L’Europa galleggia sul nero

25/10/2007
    giovedì 25 ottobre 2007

      Pagina 10 – capitale&lavoro

        L’Europa galleggia sul nero

          Nella Ue il lavoro
          nero non cala.
          In Italia equivale
          al 17% del pil.
          Damiano: «Emersi
          175 mila lavoratori»

            Nella virtuosa Danimarca il lavoro sommerso rappresenta solo l’1,3% del prodotto interno lordo. In Bulgaria la percentuale tocca il 35%. Con il 17% l’Italia si piazza nel gruppo dei paesi mediterranei, insieme a Spagna (tra il 15 e il 20%) e Grecia (20%). Il 5% del Portogallo risulta decisamente incredibile. Ancor più incredibile lo 0,6% della Repubblica Ceca. Attorno al 5% Germania, Francia, Austria, Olanda, Finlandia, Svezia. Gran Bretagna al 3%. Notevoli le differenze tra i paesi baltici: il lavoro sommerso si ferma al 6% del pil in Estonia, sfiora il 19% in Lituania. Pur grossolana, essendo basata su quanto «dichiarato» dai paesi membri (per di più in anni diversi), l’indagine Ue sul lavoro «non dichiarato» conferma che il lavoro nero è sempre troppo.
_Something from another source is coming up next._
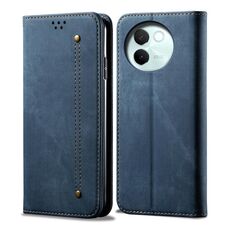 Per vivo V30E 5G Custodia per cellulare in pelle con texture denim globale (blu)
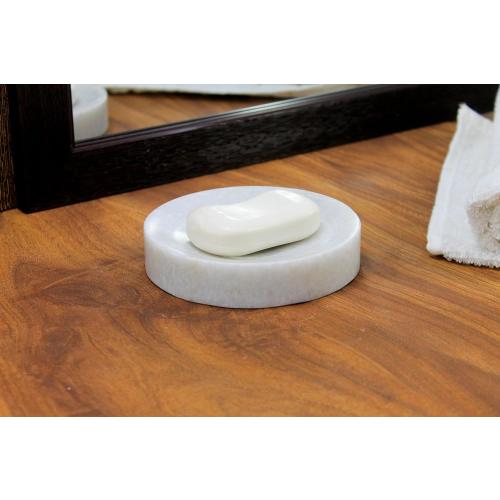 Soap Dish - Round Design | Natural White Marble Stone | Soap Holder | Soap Tray | Soap Case | Luxury Bath Accessories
            Il 17% dell’Italia coincide grosso modo con la stima del viceministro dell’economia Visco. Nel rapporto inviato l’altro ieri al parlamento ha scritto che l’economia sommersa ammonta a 18 punti del pil e che l’evasione fiscale di punti se ne mangia 7.
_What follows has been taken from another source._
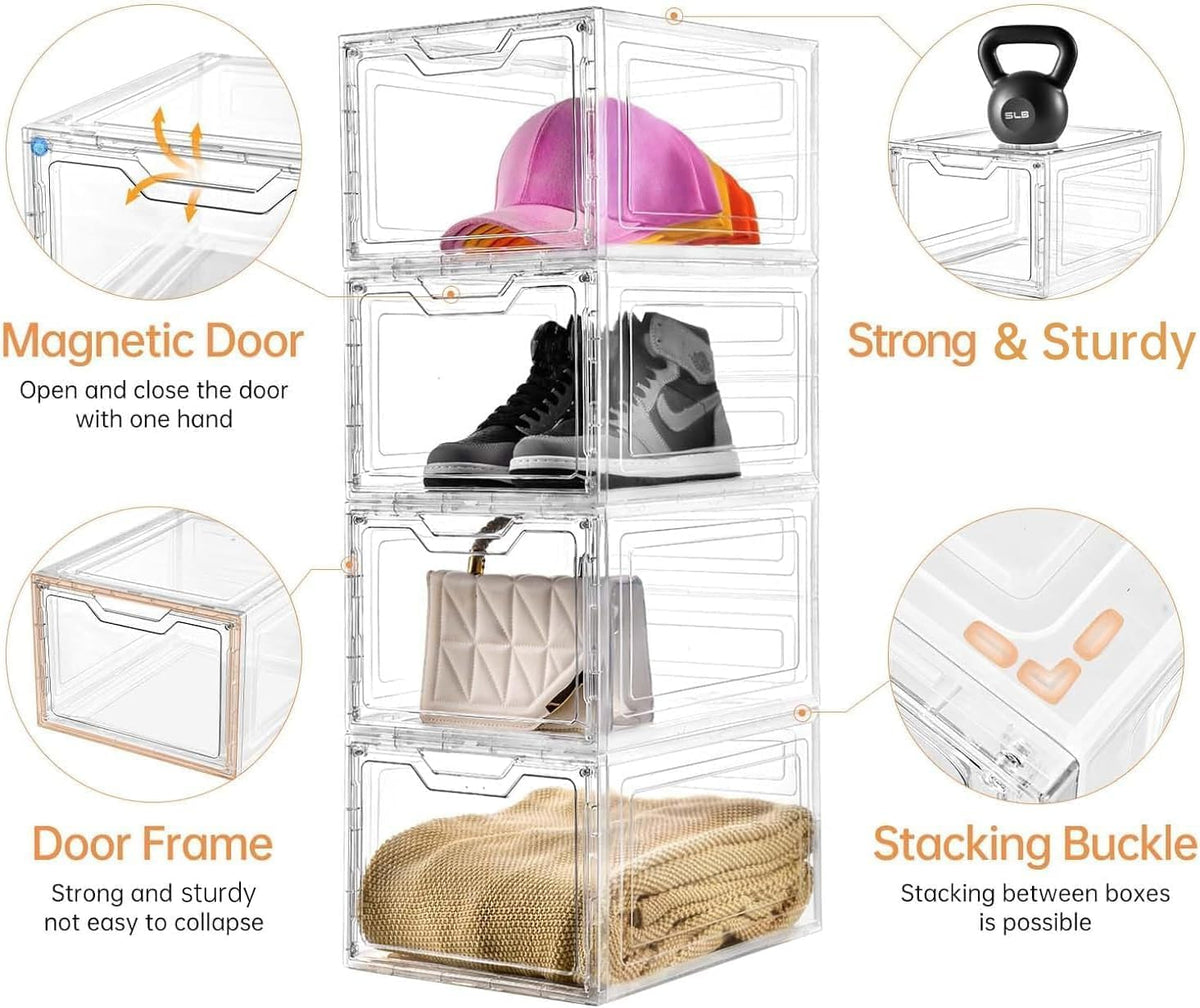 10 Pack Closet Organizers and Storage,Clear Stackable Plastic Storage Bins with Lids Magnetic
            Nel 2003 la Ue aveva predisposto una serie di misure per arginare il lavoro sommerso. Non hanno avuto effetto, ammette il commissario al lavoro Vladimir Spidla. Anzi, il ricorso a talune forme di lavoro nero sembra crescere, soprattutto nei subappalti e nel falso lavoro indipendente. Edilizia e servizi alle famiglie sono i settori a più alta incidenza di lavoro sommerso (in questo l’Italia e in linea con il resto della Ue). L’economia sommersa, afferma il commissario, «pregiudica il finanziamento dei sistemi di sicurezza sociale, falsa la concorrenza e può comportare dumping sociale». Il 6 dicembre a Bruxelles i ministri del lavoro e degli affari sociali della Ue vareranno un pacchetto di «nuovi rimedi». Nuovi fino a un certo punto, visto che quello più caldeggiato da Spidla è la riduzione degli oneri sociali e amministrativi sul lavoro. «Rimedio» già adottato in Italia, senza che il lavoro nero sia diminuito.

            Per restare in casa nostra, controlli e sanzioni incidono assai di più. In poco più di un anno l’azione di contrasto del sommerso lanciata dal governo Prodi ha fatto emergere 175 mila lavoratori in nero. L’ha detto ieri il ministro del lavoro Damiano, intervenendo alla presentazione del bilancio sociale dell’Inps. Il 55% dei lavoratori «emersi» ha meno di 30 anni e di questi la metà sono stranieri.